Saturday, December 22, 2007
"we'll endure everything tgt"
and now u say.
i want to believe you.
yes, i really do.
but how can you expect me to.
when i trusted u to keep ur promises,
u broke my heart.
u sent me to tears with what u said.
hv u considered how i felt whn i heard.
did u noe i wanted to just break down then?
i was all alone.
left wif nothing.
nothing at all.
nothing to hold onto,
nothing to rely on.
you left me after a last sentence.
you left me hanging.
cried.
cried.
cried.
i couldnt.
but i wanted to.
confused.
lost.
tormented.
i asked myself why.
why hv u left,
despite the promises we made.
despite the times we spent.
why were u so heartless and cruel.
despite knowing how i'll feel.
i tried to tell myself this was just a dream.

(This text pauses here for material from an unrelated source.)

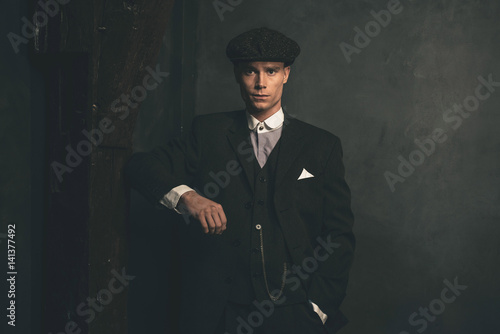 Retro 1920s english gangster wearing suit and flat cap.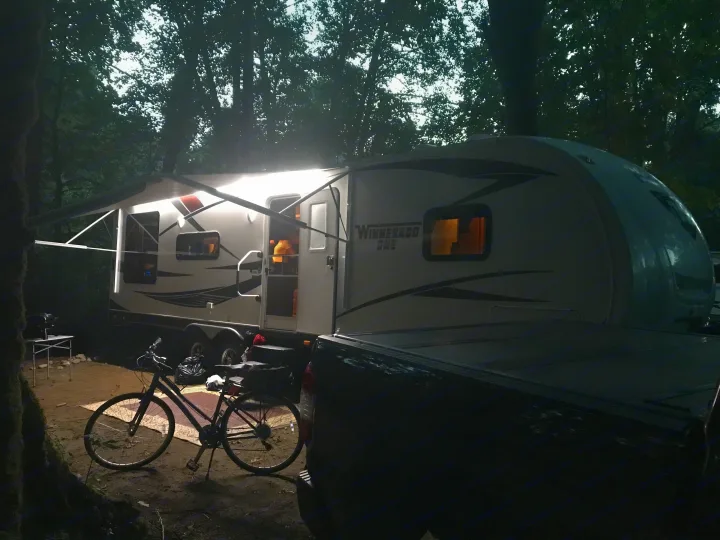 An RV rental illuminated at a dark campsite, featuring an extended awning, a parked truck, and a bicycle.. Keystone RV Passport Grand Touring 2014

one which i would eventually wake up from.
and that u wouldnt hv done this to me.
but no.
the fact is that this is reality.
i want not to face it.
i dont noe how to.
i dont want to.
i only want one thing.
and that is still,
YOU.
no matter wad.
regardless of what has happened.
i know.
everything i've typed;
seems to be,
a contradiction.
the sense of insecurity
i really love you.
hurt. but i wont give up.
i noe u're torn between two and it's wearing u out.